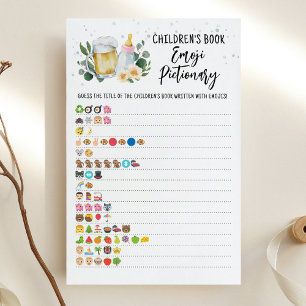 Papier Livre pour enfants Baby Is Brewing Pictionary Emoj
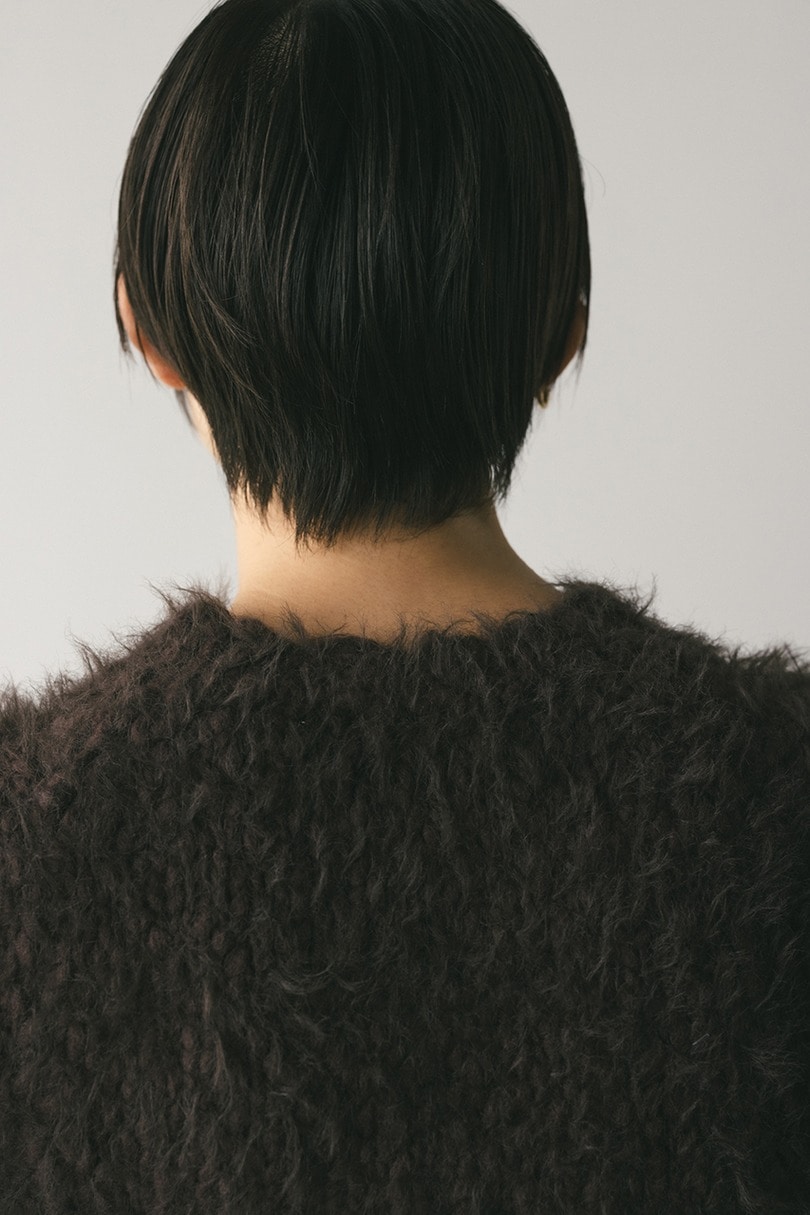 パワショルスラブシャギーニット 詳細画像 BRN 9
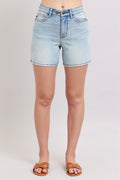 Judy Blue Plus Size Denim Shorts With Pockets 2 Button Closure Durable Comfort For Women Coco’s Tee Boutique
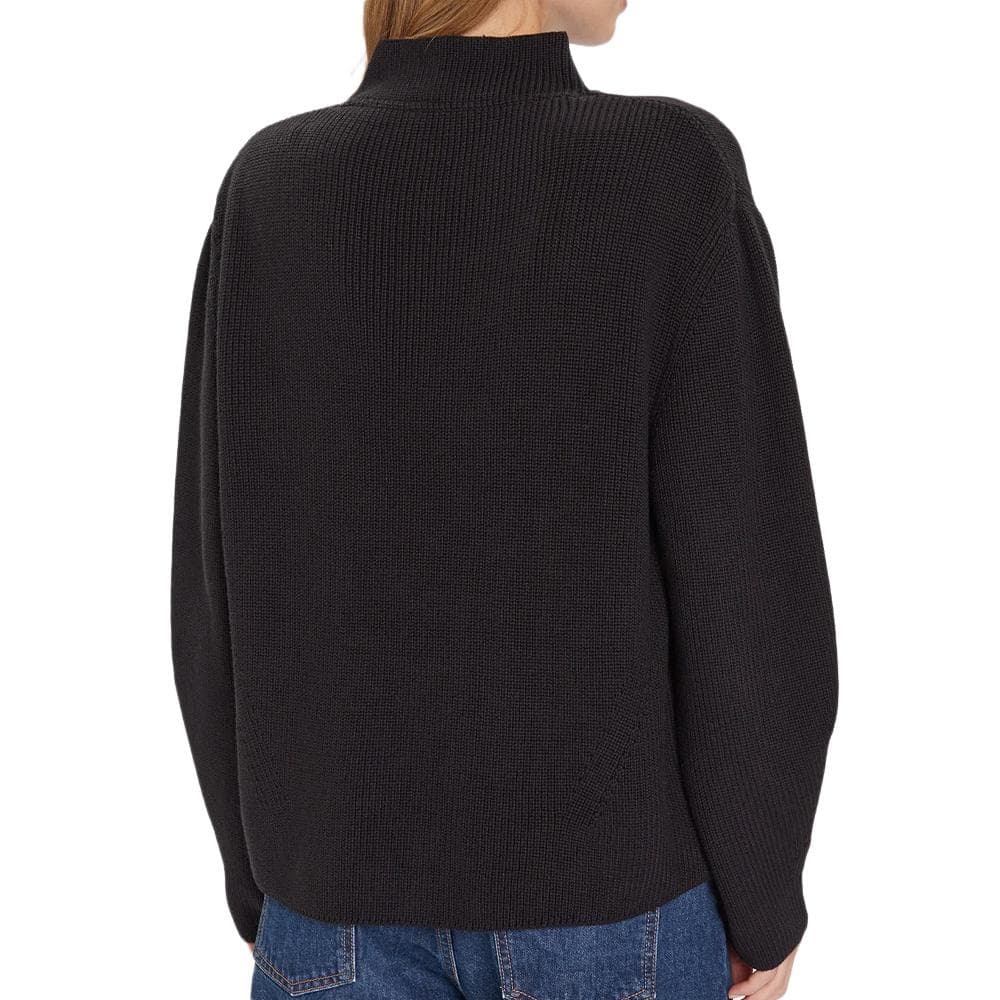 Pull Noir Femme Tommy Hilfiger Tjw Mockneck Badge S 2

EXERCISE
Keep the pictures out, and write out the rest of the data above word for word.

TASK RESPONSE
 Papier Livre pour enfants Baby Is Brewing Pictionary Emoj
 パワショルスラブシャギーニット 詳細画像 BRN 9
 Judy Blue Plus Size Denim Shorts With Pockets 2 Button Closure Durable Comfort For Women Coco’s Tee Boutique
 Pull Noir Femme Tommy Hilfiger Tjw Mockneck Badge S 2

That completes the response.